La conversación era cada vez más acalorada.
- ¡Estáis arruinando el país!- Teresa golpeó la
mesa con los nudillos -, un Robin Hood a la inversa, robando a los pobres para
dárselo a los ricos.
- No digas sandeces, al revés, habéis sido
vosotros los que habéis dejado arruinado al país y ahora nos toca hacer
limpieza- contestaba Juanra mientras masticaba con la boca abierta la merluza.
-
Ojo, cuidadín, cuidadín, que yo no he arruinado
nada. No estoy afiliada a nada.
-
Yo tampoco- le contestaban.
-
Pues eso, aquí discutimos ideas y hechos-
afirmaba ella malhumorada – mira lo que habéis hecho con la última ley. De
vergüenza, vamos.
-
Más vergüenza es no hacerla, dejar que cada uno
haga lo que le venga en gana.
-
Control, eso queréis control.

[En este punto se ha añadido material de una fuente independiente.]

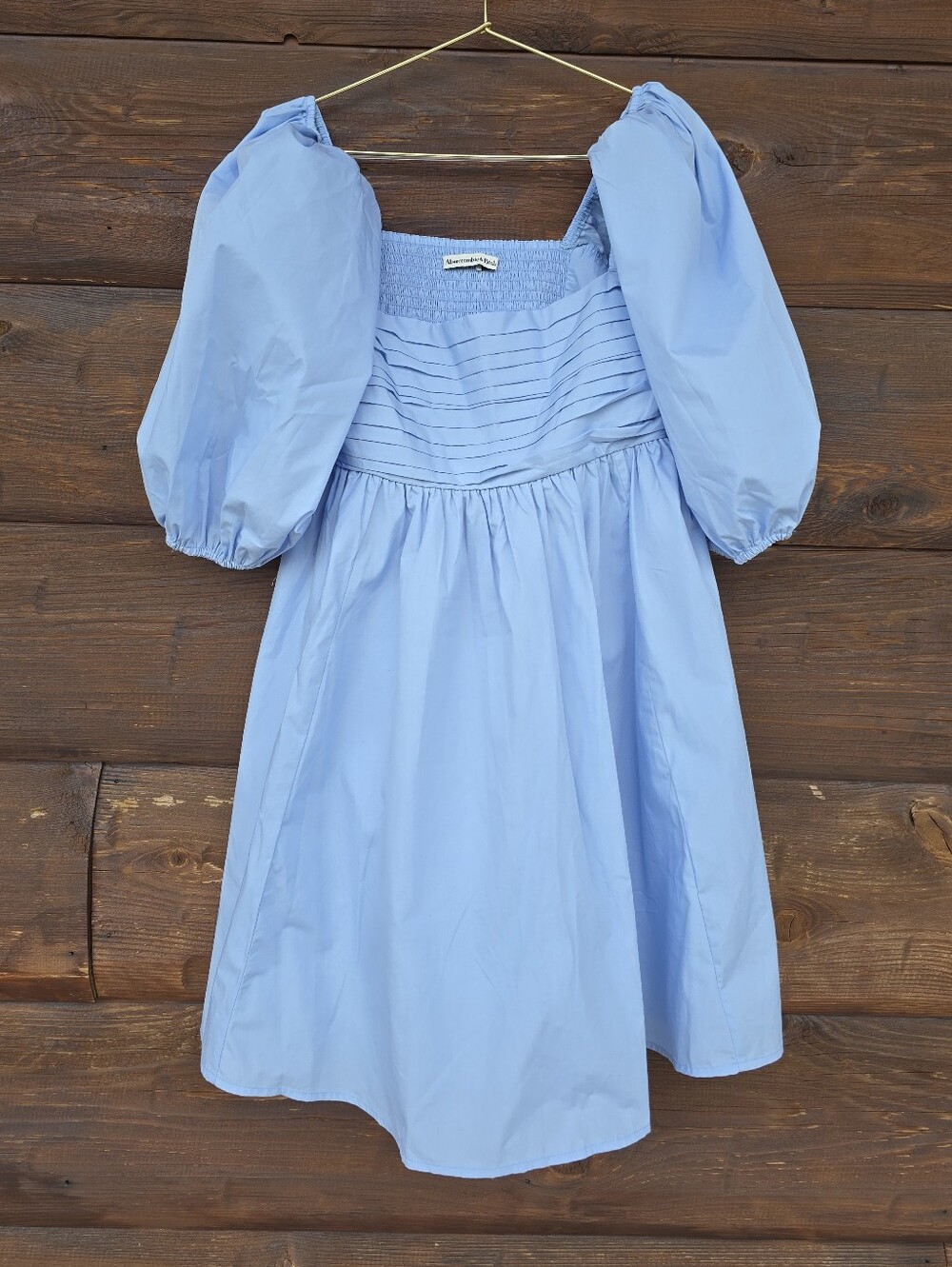 Abercrombie & Fitch A&F Emerson Poplin Puff Sleeve Mini Dress Blue Size Medium - Picture 4 of 6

Se os ve el
plumero.
Intenté charlar con Garbiñe, la
única que no estaba ciega de alcohol y que parecía sensata y agradable. Además, me atraía aquella mujer que para mí era como si la viera por primera vez con el drástico cambio de look. Quizá, al cabo, la noche pudiera acabar bien.
-
No recordaba esto así- le dije.
- Yo sí, pero entonces lo asumía como pago para
estar dentro de un grupo.
-
No te entiendo- mostré sorpresa.
-
Yo era la chica fea, ¿recuerdas? Tenía que
integrarme y me hacía la guay.
- Nunca fuiste fea- mentí, yo la recordaba como
desgarbada y poco atractiva.
-
Siempre mentiste bien, lo sigues haciendo- hizo
un mohín muy sensual.
- Tú, Garbiñe, ¿Qué piensas de la ley? Dile a esta
que es buena- nos interrumpió Julen agitando el tenedor en el aire.
-
¡Yo qué sé!- contestó Garbiñe con tranquilidad-
no me va la política.
-
¡Ja! ¡Veis!- vociferó Juanra- este es el cáncer
del país, los descreídos, los que no se comprometen.

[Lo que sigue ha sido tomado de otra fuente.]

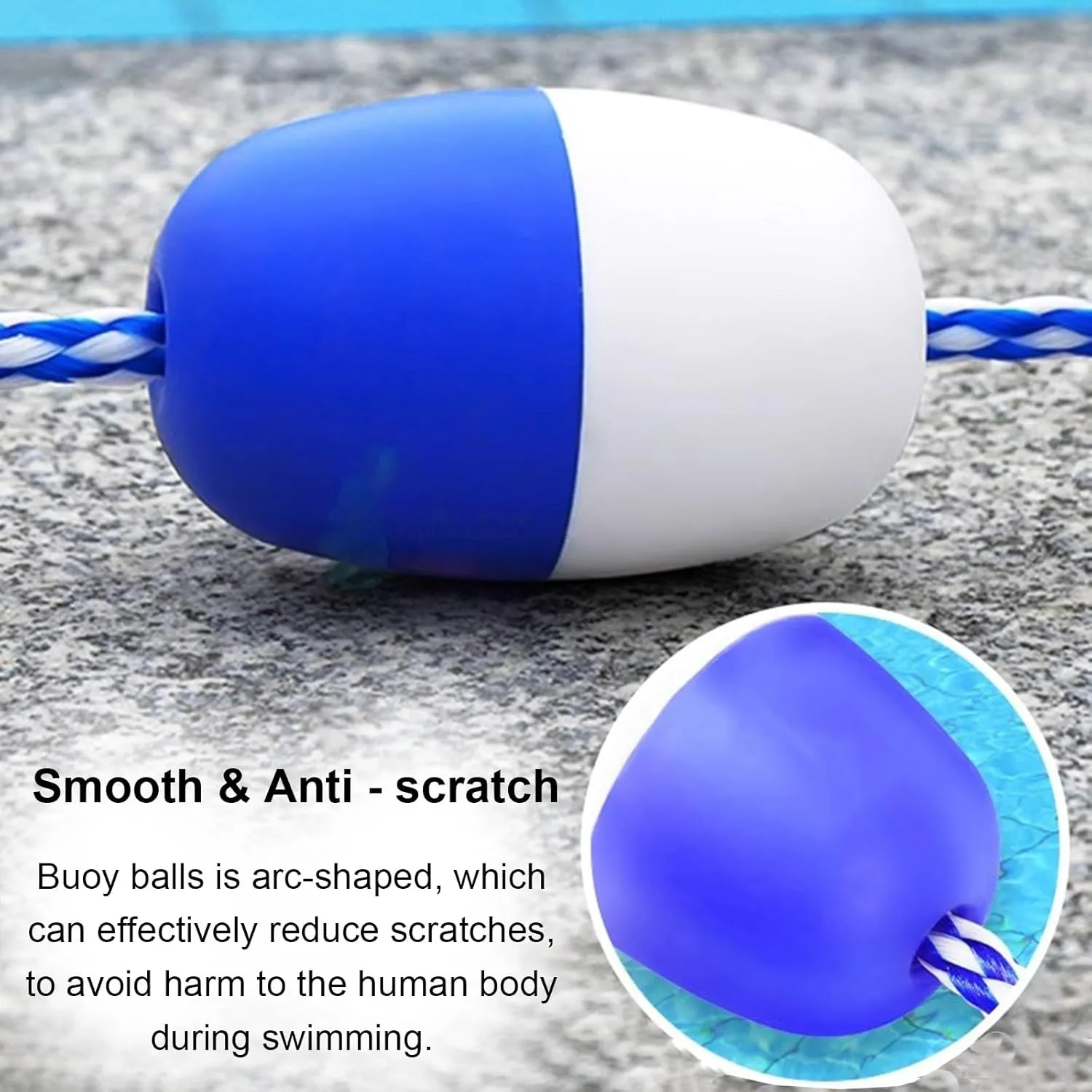 Swimming Pool Safety Float Line Divider Rope, Hotel Villa Pool Floating Warning Line with Hooks, 15 20 25 25 30 40 50 60 190 200 Ft Swim Lane Dividers Cord(3.3 ft)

Estuve a punto de intervenir para
defenderla pero me dio un codazo.
-
No merece la pena. Están como cubas.
-
Ya, pero se están pasando.
-
No te preocupes – bajó la vista.
-
A mí tampoco me va la política – le dije.
-
A mí sí- contestó volviendo a mirarme a los
ojos.
-
Yo, … creí que … dijiste – me mostré confundido.
- No quiero discutir, eso es todo. Y menos tras
tantas botellas. Pero, por supuesto que me importa el mundo.
-
Así, que publicista – cambié de tema, azorado-, ¿va bien
el negocio?
-
Bueno, tirando. Ya sabes, no están los tiempos
para echar cohetes.
- Nunca hubiera dicho yo que tú llegarías a ser
una relaciones públicas, tú eras un poco paradita…- se me escapó.
- La fea, la sinsorga, ya…. – tomó delicadamente
un poco de merluza sin mirarme.
-
No, no quería decir eso. Yo… - balbuceé.
-
Estos no se acuerdan ya. Mejor así.
-
Lo siento – no sabía qué decir.
- ¿Sabes? - murmuró como para sí- no, no puedes saberlo. Yo me moría por tus huesos. Nunca me hiciste caso.
- Lo siento, no lo recuerdo... - me quedé cortado.
- Lo que no está bien es la falta de incentivos al
pequeño negocio – Garbiñe, abandonando la conversación conmigo, volvió su
mirada hacia Julen al tanto que se inclinaba hacia él. Este, encantado de que
Garbiñe entrara en la conversación dio un repaso lento a sus curvas, tomó la
copa y brindó.
- Bien, bien, tenemos debate para toda la noche. - dijo Juanra - Como en
los viejos tiempos. Tenemos que hacer de estas más a menudo. ¿Pedimos carne?